Jim McCann, a top selling real estate agent in Palm Beach, told the paper, “There has been a lot of wealth created in the United States over the past 10 years. And those people who have made that money obviously are not shy about spending it. If you go to buy a luxury yacht or a jet today, you’re going to have to get in line.”
Private jet sales are not being impacted, according to the story. “Our business is booming,” said Gary Anzalone, marketing director for Aero Toy Store. “I don’t want to say we’re recession-proof. But the story here is the weak dollar.” With American products on sale because of the strong euro and pound, foreign buyers are flocking to Fort Lauderdale to buy jets, Anzalone said. Proving his point, a group of shoppers chatted in French with an Aero Toy Store saleswoman at the dealer’s showroom one day last week.
And while Joe Lunchbucket struggles to afford gas for his bass boat, the market for megayachts is booming, too.

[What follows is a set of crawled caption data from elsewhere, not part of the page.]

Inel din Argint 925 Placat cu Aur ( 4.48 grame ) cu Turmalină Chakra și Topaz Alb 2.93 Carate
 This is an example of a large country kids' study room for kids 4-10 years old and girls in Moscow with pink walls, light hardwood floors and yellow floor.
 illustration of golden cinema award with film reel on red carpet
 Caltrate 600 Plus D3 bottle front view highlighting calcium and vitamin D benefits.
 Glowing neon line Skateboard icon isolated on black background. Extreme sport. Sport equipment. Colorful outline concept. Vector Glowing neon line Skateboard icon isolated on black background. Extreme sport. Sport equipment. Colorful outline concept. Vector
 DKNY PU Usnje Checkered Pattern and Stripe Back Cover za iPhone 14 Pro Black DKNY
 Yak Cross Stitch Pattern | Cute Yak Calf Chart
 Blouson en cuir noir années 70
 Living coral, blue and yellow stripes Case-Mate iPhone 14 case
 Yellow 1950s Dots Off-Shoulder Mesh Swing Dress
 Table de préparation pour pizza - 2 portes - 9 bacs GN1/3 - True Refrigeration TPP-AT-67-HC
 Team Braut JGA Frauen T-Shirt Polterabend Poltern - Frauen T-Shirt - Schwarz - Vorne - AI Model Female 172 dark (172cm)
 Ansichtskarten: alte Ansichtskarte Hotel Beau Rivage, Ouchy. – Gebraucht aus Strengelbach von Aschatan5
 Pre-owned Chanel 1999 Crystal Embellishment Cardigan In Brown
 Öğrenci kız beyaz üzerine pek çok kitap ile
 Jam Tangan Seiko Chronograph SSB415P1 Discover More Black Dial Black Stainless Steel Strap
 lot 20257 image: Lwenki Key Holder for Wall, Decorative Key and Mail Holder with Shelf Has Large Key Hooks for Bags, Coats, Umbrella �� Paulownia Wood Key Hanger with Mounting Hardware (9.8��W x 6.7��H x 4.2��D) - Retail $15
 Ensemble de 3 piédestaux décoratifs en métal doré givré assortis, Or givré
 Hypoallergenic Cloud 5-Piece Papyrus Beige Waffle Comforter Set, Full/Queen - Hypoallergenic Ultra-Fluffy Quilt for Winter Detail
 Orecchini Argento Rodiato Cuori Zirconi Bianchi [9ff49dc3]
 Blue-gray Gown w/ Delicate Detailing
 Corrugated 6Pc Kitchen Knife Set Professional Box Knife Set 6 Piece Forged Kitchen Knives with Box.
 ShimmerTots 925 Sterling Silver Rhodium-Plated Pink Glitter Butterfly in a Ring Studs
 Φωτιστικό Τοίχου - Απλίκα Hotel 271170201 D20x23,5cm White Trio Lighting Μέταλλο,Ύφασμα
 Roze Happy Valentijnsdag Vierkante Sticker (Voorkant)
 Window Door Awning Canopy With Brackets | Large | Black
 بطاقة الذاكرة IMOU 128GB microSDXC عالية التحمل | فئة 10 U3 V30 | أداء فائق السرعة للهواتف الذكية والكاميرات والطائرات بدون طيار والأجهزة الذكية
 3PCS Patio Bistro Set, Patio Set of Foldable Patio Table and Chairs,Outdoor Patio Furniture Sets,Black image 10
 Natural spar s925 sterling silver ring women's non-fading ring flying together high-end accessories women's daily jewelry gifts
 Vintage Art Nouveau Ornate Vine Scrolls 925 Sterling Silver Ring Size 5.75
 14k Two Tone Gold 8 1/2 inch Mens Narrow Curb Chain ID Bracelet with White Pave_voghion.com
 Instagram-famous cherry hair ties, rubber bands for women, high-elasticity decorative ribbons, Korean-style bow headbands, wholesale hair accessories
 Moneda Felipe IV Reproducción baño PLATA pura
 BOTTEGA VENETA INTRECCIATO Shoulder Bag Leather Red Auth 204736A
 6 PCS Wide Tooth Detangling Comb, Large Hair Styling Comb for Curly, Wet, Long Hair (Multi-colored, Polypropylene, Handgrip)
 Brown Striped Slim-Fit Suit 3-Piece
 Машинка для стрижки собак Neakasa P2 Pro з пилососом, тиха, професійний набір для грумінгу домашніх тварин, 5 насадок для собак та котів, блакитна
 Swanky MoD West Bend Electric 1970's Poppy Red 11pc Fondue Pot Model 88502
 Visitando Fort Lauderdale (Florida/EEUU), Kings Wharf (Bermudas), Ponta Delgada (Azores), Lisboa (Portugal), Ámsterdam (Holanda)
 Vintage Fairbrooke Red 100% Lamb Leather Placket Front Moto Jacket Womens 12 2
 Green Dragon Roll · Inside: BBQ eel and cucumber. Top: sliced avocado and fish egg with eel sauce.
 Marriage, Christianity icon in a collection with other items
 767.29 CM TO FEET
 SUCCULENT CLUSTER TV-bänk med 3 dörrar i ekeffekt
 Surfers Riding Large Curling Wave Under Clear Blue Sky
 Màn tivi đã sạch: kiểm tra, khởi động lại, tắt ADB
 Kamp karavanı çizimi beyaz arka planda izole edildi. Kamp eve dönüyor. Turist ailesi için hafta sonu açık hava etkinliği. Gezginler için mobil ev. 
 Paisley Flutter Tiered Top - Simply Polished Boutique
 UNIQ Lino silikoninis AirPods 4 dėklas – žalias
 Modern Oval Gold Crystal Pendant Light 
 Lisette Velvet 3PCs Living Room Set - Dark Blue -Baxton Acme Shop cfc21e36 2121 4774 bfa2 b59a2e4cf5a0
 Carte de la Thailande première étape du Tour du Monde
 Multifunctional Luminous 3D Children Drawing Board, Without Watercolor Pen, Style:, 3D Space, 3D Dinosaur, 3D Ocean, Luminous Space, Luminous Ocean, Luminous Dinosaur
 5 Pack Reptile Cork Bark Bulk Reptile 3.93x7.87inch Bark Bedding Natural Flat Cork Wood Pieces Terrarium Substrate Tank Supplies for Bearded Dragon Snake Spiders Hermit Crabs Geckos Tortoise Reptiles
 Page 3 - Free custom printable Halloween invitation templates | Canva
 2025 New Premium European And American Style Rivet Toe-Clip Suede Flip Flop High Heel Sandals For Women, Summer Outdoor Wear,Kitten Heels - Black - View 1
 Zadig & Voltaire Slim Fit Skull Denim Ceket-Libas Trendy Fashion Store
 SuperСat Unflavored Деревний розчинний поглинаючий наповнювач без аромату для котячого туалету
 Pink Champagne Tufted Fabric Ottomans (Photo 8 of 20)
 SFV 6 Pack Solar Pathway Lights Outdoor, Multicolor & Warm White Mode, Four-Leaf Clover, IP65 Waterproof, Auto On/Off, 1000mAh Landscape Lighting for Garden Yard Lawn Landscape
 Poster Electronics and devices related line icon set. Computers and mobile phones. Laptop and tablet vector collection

For instance, Trinity Yachts of Gulfport, Miss., builds floating palaces that sell for as much as $250 million.
The art market likewise is seeing a surge of demand. In two of 2007’s big-dollar sales, an Andy Warhol painting sold for $71 million and a Matisse fetched $33.6 million in November.
Edward Wolff, a professor at New YorkUniversity, notes that wealth increasingly is being concentrated in the hands of the fortunate few. During the past two decades, middle-class incomes have been stagnant, while much of the wage and income growth accrues to the wealthiest 1 percent of American society, Wolff said.
“As the middle class gets squeezed,” Wolff said, “the top end is making out like bandits.”
WOW: The Average Annual Household Income of the Elite Traveler reader is $5.3 million and Average Age is 41. Source: Prince & Associates
5. Small Business Softness Another Worry for Luxury Marketers
Small businesses in the past boom were encouraged more than ever to charge it. Companies such as American Express that previously offered only pay your bill in full charge service, aggressively pursued small businesses with charge cards.
As previously noted, American Express is taking a charge of over $400 million as its customers increasingly default on their obligations.
Small businesses have been a boom to the luxury auto industry, but Lexus’ decline in December sales showed that these small business owners are feeling the pinch. I guess there were a few fewer of those big red ribbons tied around a brand new Lexus this past Christmas (remember those great commercials?).
Commerce Bancorp., a New Jersey bank, reported on Friday that earnings fell by 47 percent. It sited an increase of bad loans 100 percent higher than the third quarter, and up 500% over the year prior fourth quarter.
The main culprits were home mortgages and loans to small businesses, whose owners are the core of the Mass Affluent economy.